PROBLEM REQUIREMENTS:
The line containing "computer, gents, male 71354235" marks the end; write out exactly every line from the start of the data up to and including it, without the pictures.

MATERIAL SHOWN:
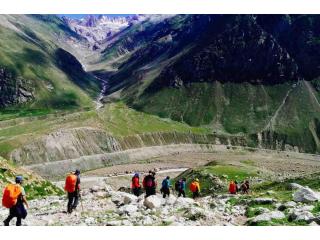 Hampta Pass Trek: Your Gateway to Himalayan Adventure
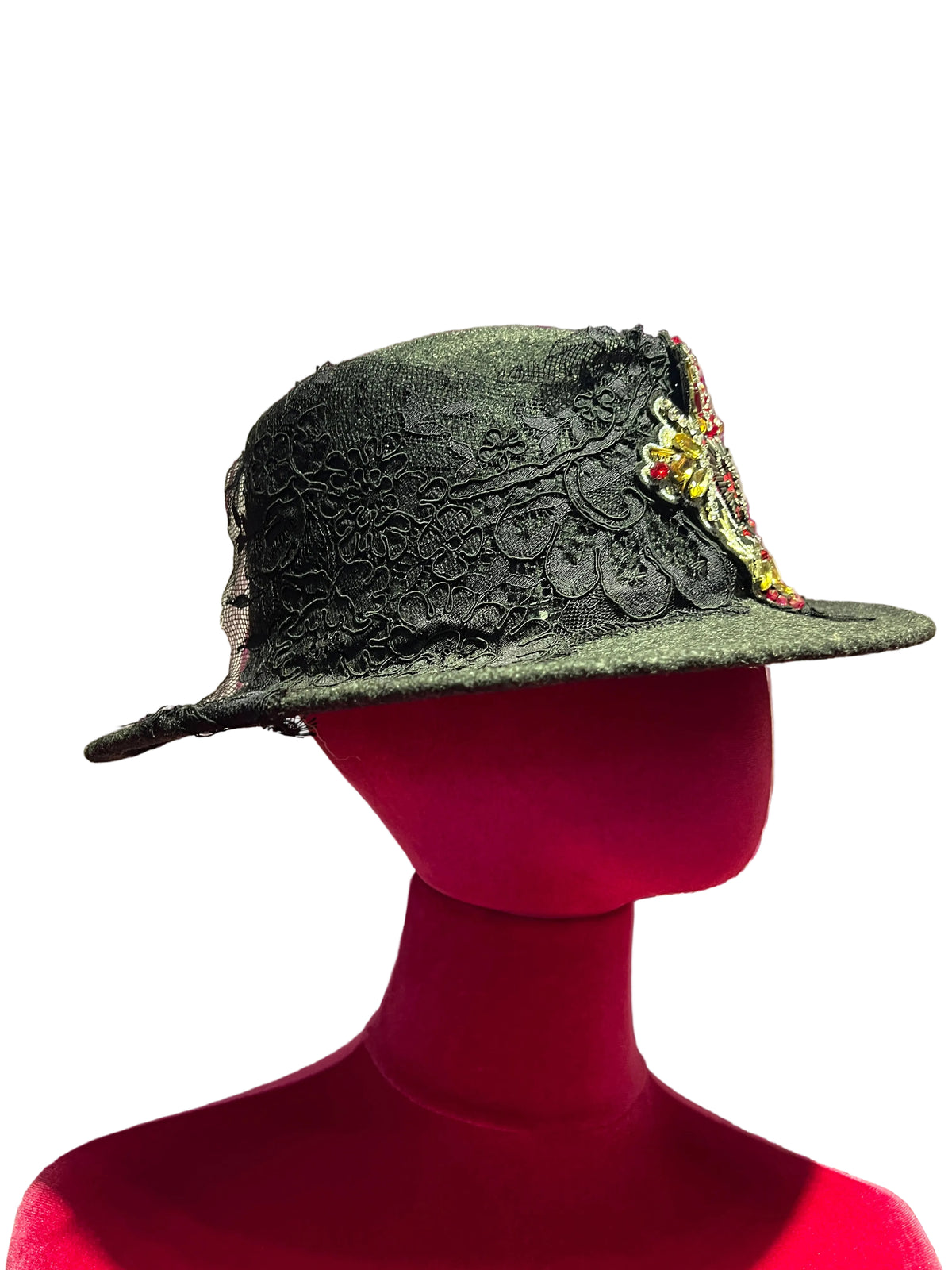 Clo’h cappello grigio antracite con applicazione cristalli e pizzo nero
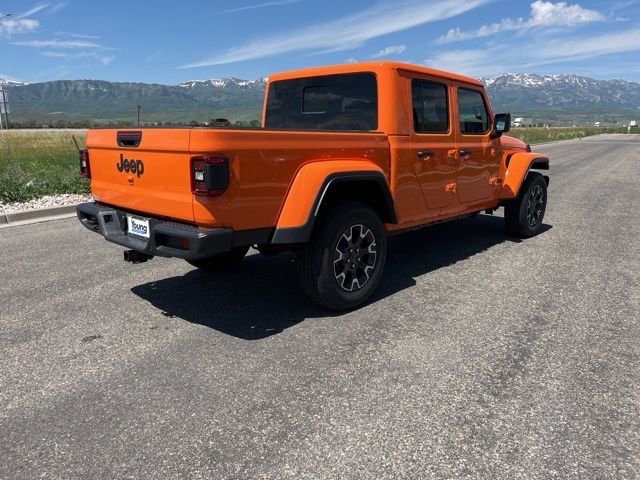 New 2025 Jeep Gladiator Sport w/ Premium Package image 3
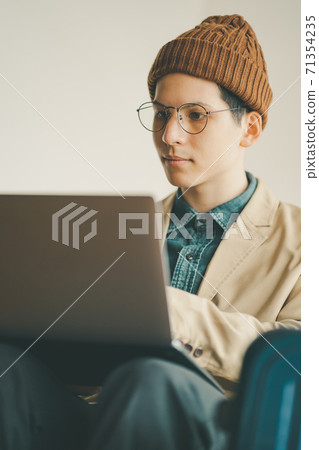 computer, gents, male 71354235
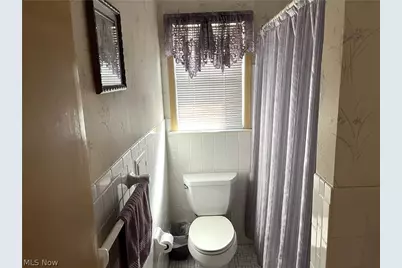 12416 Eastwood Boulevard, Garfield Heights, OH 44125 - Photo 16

SOLVED EXERCISE:
 Hampta Pass Trek: Your Gateway to Himalayan Adventure
 Clo’h cappello grigio antracite con applicazione cristalli e pizzo nero
 New 2025 Jeep Gladiator Sport w/ Premium Package image 3
 computer, gents, male 71354235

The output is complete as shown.